O gün perdeyi açtığımda, karşımda gördüğüm ilk şey, masmavi denizin dalgalarıydı. Ne çabuk sabah olduğuna şaşırdım. Perde açılınca duvara kaşığımın sapıyla çizdiğim ilkel takvim görünür oldu. Hızlıca saydım, buraya gelişimin yüz yirmi birinci günüydü. Yüz yirmi bir günde, minik karton bardaklarda gelen belki beş yüz kapsül hap içmiştim. Kafamı toparlamam zor oluyordu. Dışarıya tekrar baktım. Dalgaların arasında tanıdığım birini gördüm sandım. Aceleyle “Hemşire!” diye bağırdım. Sesim taş odada yankılandı, içim ürperdi. Daha yüksek sesle bağırdım, “HEMŞİRE!”.

Metal kapı gıcırtıyla açıldı. Şanssızdım, eli ağır hemşire nöbetçiydi.
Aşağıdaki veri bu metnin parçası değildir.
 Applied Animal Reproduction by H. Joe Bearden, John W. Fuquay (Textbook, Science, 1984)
Kaşlarını çatmaktan alnında derin bir çizgi oluşmuştu, merdiven çıktığı için soluk soluğa kalmıştı. “Ne var, ne istiyorsun?” diye sordu. “Dalgaların arasında yüzen bir çocuk var, hasta bakıcıya söyle, çabuk atlayıp kurtarsın onu!” dedim. Kadın oflaya puflaya yanıma geldi, dışarıya göz ucuyla baktı, “Kimse yok orada. Yat dinlen hadi, birazdan kahvaltı dağıtılacak.” dedi. Emin olmak için tekrar baktım, hayır orada bir çocuk vardı, görüyordum onu. Sarı saçları ıslandığı için kahverengiye çalıyordu. “Hayır var, orada işte, kurtarmazsanız daha fazla dayanamaz! Kurtarın onu, kurtarın! Kurtarın!! Kurta..” derken cümlemi bitiremedim. Hemşirenin enjektörü kolumdan çıkardığını gördüm. Gözlerim ayaklarıma kaydı, parmaklarımı oynatmaya çalıştım. Ayaklarım hareket etmiyordu.
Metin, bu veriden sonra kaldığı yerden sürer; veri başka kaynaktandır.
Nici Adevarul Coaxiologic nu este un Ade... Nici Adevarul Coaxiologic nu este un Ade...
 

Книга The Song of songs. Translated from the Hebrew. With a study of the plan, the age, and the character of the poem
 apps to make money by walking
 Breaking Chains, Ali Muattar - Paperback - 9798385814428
Uyku hızla bastırıyordu, duvara çiziğimi atamamıştım. Rüyamda ufacık bir teknenin dümenindeydim. Hava fırtınalıydı, yanımda dünyalar tatlısı bir yumurcak duruyordu, ismini hatırlayamadım. Yalnızca onun için endişelendiğimi hissettim. İçimde kötü bir his vardı.